One shortcoming that we acknowledge is that reconstructions from our custom-built micro-CT system (magnification ~5.3) have a larger voxel size (20 μm) than reconstructions from high-quality commercial EID-based micro-CT scanners (~5 μm). This is because compared to our system, these commercial scanners can typically achieve smaller focal spot sizes (reducing penumbra blurring), higher magnifications, and in some cases, smaller detector pixel sizes.

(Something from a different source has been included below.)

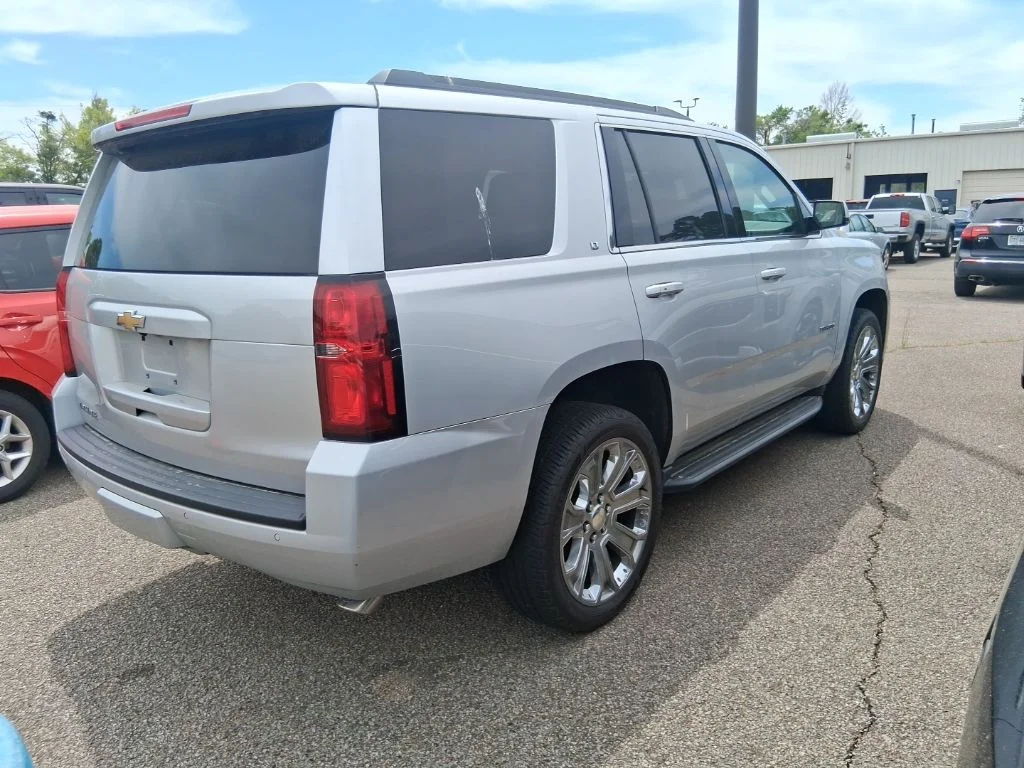 Used 2019 Silver Chevrolet LT image 5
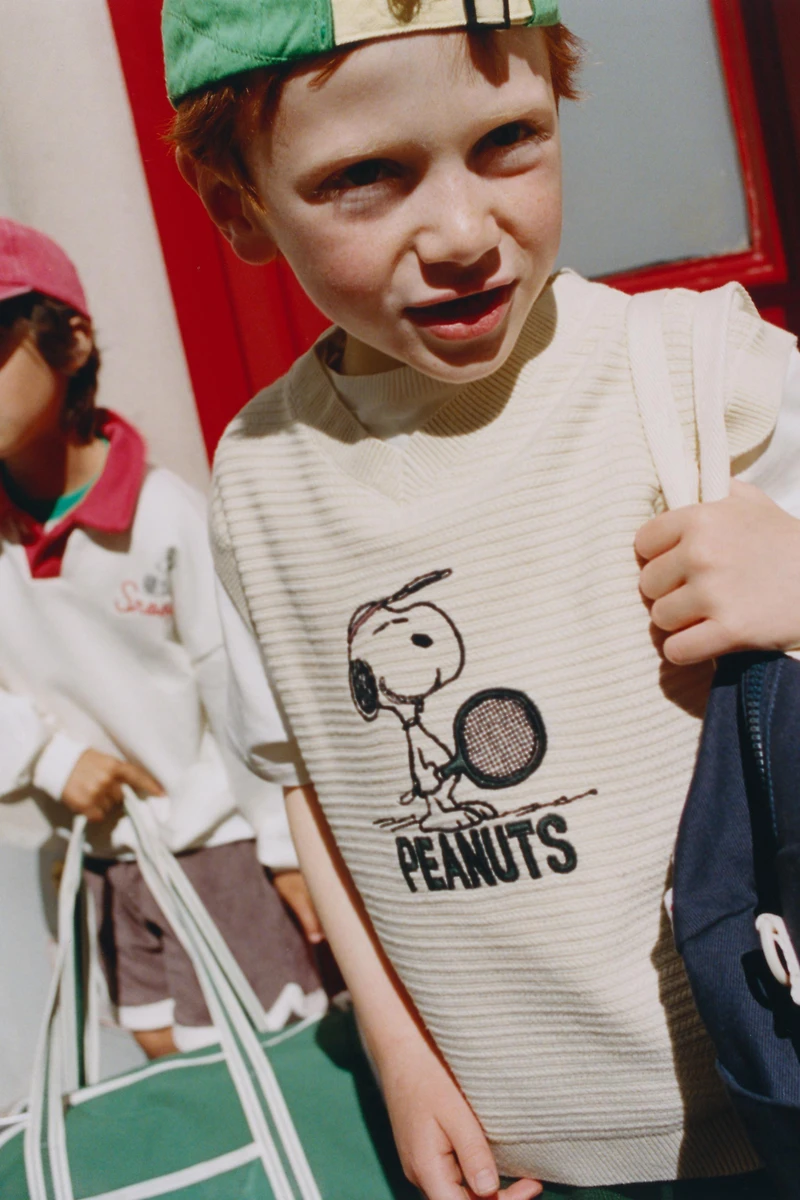 EMBROIDERED SNOOPY PEANUTS™ KNIT VEST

On the other hand, the magnification of our system is constrained by the limited field-of-view of our PCD combined with our desire to perform high-throughput imaging by scanning multiple femurs (i.e., three) in each vial. Nevertheless, this study demonstrates that the properties of the PCD, such as reduced spatial blurring due to direct X-ray photon detection and simultaneous multi-energy imaging, are useful for bone imaging. Future work that incorporates the PCD into commercial micro-CT scanners that can achieve voxel sizes of less than 10 μm will be critical to ensure that the benefits of photon-counting CT for small animal bone imaging are fully realized.
Another potential shortcoming is the size (
n = 57) and age/sex distribution of our study cohort. Although this sample size is sufficiently large for our whole-cohort GLMs and all stratified tests exploring double interactions (e.g., APOE genotype/sex, APOE genotype/HN, sex/HN,
Table 4,
Table 5 and
Table 6, and
Figure A3 and
Figure A4), our triple-interaction analysis investigating HN effects in genotype-by-sex subgroups (
Table 7 and
Figure 4) may require validation in a larger mouse cohort. Future work in a larger study cohort with better matching of age distribution across all genotype/HN groups and a better balance of sexes in the APOE22HN and APOE44HN groups may also further improve the reliability of statistical analyses investigating effects of two or more interactions.